• THE TASK: Please set down, exactly as written, the line containing "Новый задний переключатель" and every line after it through the end of the records.

Records from a collection
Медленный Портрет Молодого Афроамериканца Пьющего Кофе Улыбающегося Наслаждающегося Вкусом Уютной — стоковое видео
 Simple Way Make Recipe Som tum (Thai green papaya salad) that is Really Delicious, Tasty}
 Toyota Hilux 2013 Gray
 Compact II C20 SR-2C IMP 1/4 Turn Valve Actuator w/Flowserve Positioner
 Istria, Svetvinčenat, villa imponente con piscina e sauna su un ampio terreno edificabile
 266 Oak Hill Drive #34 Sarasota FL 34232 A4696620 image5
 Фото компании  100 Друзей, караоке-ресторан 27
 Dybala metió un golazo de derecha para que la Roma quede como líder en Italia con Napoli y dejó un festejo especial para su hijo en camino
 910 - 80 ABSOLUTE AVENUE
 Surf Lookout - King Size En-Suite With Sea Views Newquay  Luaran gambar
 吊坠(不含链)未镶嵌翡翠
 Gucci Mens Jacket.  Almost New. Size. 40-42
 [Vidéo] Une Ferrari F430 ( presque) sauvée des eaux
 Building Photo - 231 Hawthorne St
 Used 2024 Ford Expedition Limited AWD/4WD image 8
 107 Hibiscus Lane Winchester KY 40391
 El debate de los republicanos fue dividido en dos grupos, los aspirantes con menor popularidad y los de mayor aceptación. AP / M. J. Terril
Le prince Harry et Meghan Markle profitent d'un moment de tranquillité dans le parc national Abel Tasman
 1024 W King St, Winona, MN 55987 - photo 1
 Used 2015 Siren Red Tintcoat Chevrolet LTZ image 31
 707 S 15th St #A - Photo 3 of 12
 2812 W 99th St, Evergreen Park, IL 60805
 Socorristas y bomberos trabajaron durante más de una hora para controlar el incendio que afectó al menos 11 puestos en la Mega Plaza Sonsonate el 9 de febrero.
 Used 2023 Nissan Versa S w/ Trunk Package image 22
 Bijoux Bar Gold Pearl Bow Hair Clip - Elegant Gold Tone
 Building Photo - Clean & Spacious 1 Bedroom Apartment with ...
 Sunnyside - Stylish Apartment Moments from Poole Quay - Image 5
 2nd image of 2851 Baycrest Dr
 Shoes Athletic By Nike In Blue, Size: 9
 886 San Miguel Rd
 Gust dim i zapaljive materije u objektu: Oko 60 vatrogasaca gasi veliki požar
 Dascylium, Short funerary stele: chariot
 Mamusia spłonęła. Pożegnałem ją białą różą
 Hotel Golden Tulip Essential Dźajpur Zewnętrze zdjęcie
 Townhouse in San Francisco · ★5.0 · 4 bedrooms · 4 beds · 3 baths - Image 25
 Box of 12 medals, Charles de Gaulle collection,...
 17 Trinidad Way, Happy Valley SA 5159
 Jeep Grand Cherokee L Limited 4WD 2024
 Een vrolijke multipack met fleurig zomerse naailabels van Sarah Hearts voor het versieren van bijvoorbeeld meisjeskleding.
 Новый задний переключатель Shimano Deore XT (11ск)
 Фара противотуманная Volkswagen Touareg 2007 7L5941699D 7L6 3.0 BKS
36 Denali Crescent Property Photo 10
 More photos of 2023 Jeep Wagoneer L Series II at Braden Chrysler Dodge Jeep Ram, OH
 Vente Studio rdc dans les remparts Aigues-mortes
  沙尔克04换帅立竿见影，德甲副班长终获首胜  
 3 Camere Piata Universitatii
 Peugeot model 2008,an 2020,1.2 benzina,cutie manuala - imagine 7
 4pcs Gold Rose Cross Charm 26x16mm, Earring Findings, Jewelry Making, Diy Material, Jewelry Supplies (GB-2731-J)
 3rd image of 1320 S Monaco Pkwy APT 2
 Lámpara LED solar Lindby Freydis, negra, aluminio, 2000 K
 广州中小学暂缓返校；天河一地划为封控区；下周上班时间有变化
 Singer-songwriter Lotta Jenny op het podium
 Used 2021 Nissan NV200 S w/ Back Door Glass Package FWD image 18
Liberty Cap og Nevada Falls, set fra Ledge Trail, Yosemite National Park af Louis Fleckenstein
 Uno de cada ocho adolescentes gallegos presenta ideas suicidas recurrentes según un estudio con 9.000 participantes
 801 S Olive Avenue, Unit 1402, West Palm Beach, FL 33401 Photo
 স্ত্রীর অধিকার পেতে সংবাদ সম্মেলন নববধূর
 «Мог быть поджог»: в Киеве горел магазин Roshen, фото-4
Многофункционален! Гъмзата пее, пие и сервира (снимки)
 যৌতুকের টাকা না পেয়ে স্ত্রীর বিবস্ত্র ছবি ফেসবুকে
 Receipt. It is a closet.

• RESPONSE AREA:
 Новый задний переключатель Shimano Deore XT (11ск)
 Фара противотуманная Volkswagen Touareg 2007 7L5941699D 7L6 3.0 BKS
36 Denali Crescent Property Photo 10
 More photos of 2023 Jeep Wagoneer L Series II at Braden Chrysler Dodge Jeep Ram, OH
 Vente Studio rdc dans les remparts Aigues-mortes
  沙尔克04换帅立竿见影，德甲副班长终获首胜  
 3 Camere Piata Universitatii
 Peugeot model 2008,an 2020,1.2 benzina,cutie manuala - imagine 7
 4pcs Gold Rose Cross Charm 26x16mm, Earring Findings, Jewelry Making, Diy Material, Jewelry Supplies (GB-2731-J)
 3rd image of 1320 S Monaco Pkwy APT 2
 Lámpara LED solar Lindby Freydis, negra, aluminio, 2000 K
 广州中小学暂缓返校；天河一地划为封控区；下周上班时间有变化
 Singer-songwriter Lotta Jenny op het podium
 Used 2021 Nissan NV200 S w/ Back Door Glass Package FWD image 18
Liberty Cap og Nevada Falls, set fra Ledge Trail, Yosemite National Park af Louis Fleckenstein
 Uno de cada ocho adolescentes gallegos presenta ideas suicidas recurrentes según un estudio con 9.000 participantes
 801 S Olive Avenue, Unit 1402, West Palm Beach, FL 33401 Photo
 স্ত্রীর অধিকার পেতে সংবাদ সম্মেলন নববধূর
 «Мог быть поджог»: в Киеве горел магазин Roshen, фото-4
Многофункционален! Гъмзата пее, пие и сервира (снимки)
 যৌতুকের টাকা না পেয়ে স্ত্রীর বিবস্ত্র ছবি ফেসবুকে
 Receipt. It is a closet.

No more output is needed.